BEGIN

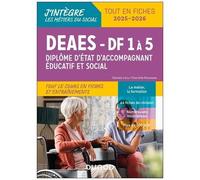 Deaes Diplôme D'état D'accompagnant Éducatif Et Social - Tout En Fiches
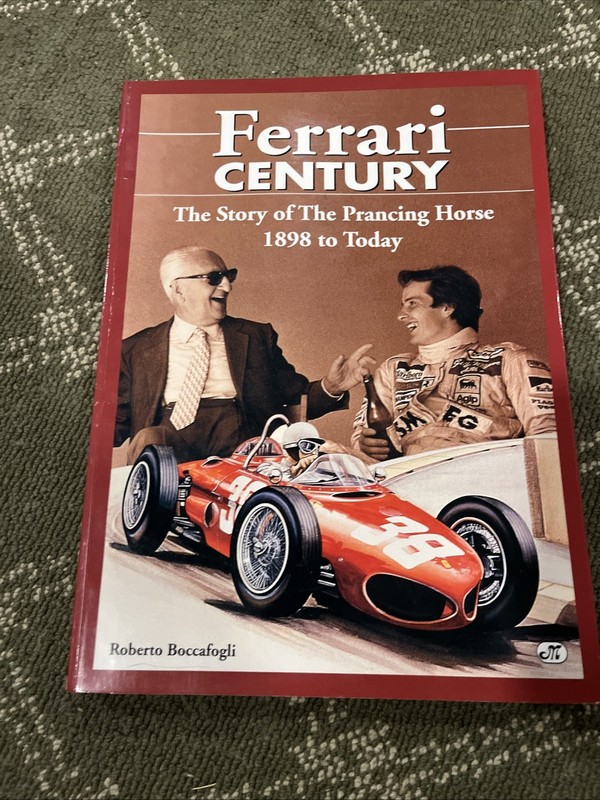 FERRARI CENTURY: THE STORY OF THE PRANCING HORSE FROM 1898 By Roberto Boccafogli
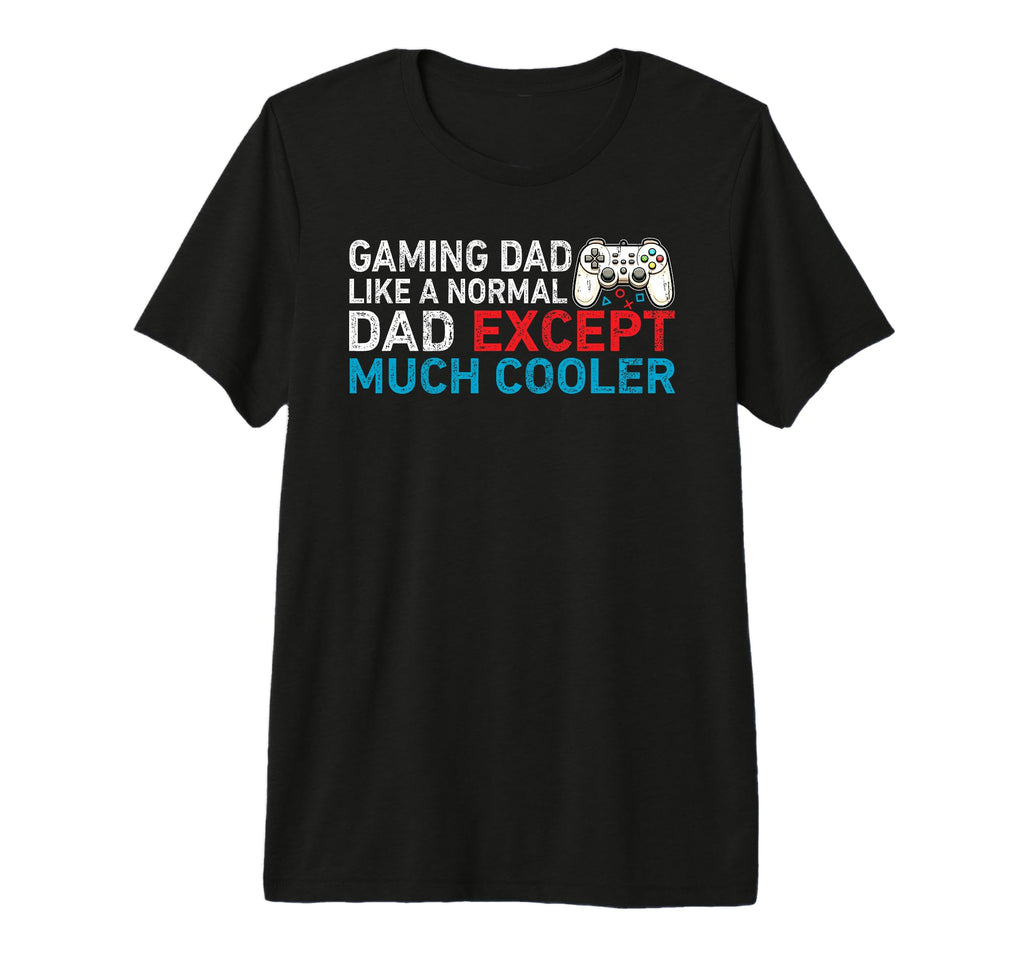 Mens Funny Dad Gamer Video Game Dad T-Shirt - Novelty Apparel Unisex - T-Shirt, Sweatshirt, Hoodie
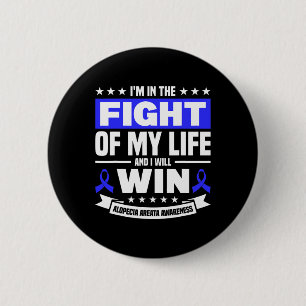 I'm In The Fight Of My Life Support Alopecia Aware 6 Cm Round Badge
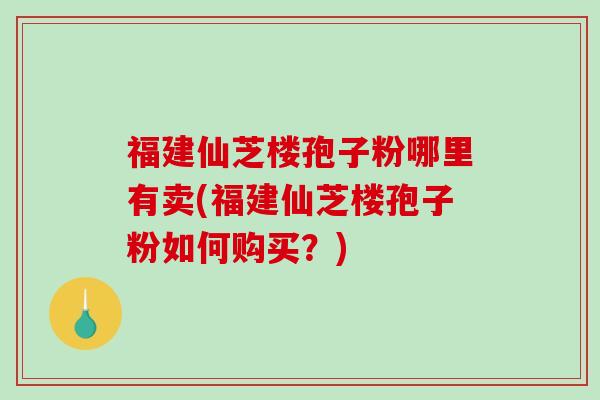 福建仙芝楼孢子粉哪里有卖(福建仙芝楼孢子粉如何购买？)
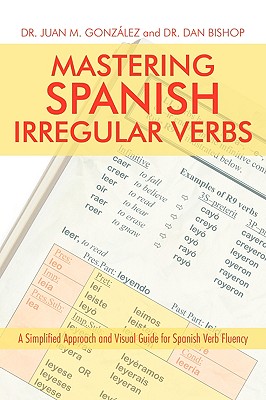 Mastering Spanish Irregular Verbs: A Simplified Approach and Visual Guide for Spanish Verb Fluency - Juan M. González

END

◆ **Exercise**
For this exercise, return every entry verbatim and omit all pictures.

◆ **Answer to this exercise**
 Deaes Diplôme D'état D'accompagnant Éducatif Et Social - Tout En Fiches
 FERRARI CENTURY: THE STORY OF THE PRANCING HORSE FROM 1898 By Roberto Boccafogli
 Mens Funny Dad Gamer Video Game Dad T-Shirt - Novelty Apparel Unisex - T-Shirt, Sweatshirt, Hoodie
 I'm In The Fight Of My Life Support Alopecia Aware 6 Cm Round Badge
 福建仙芝楼孢子粉哪里有卖(福建仙芝楼孢子粉如何购买？)
 Mastering Spanish Irregular Verbs: A Simplified Approach and Visual Guide for Spanish Verb Fluency - Juan M. González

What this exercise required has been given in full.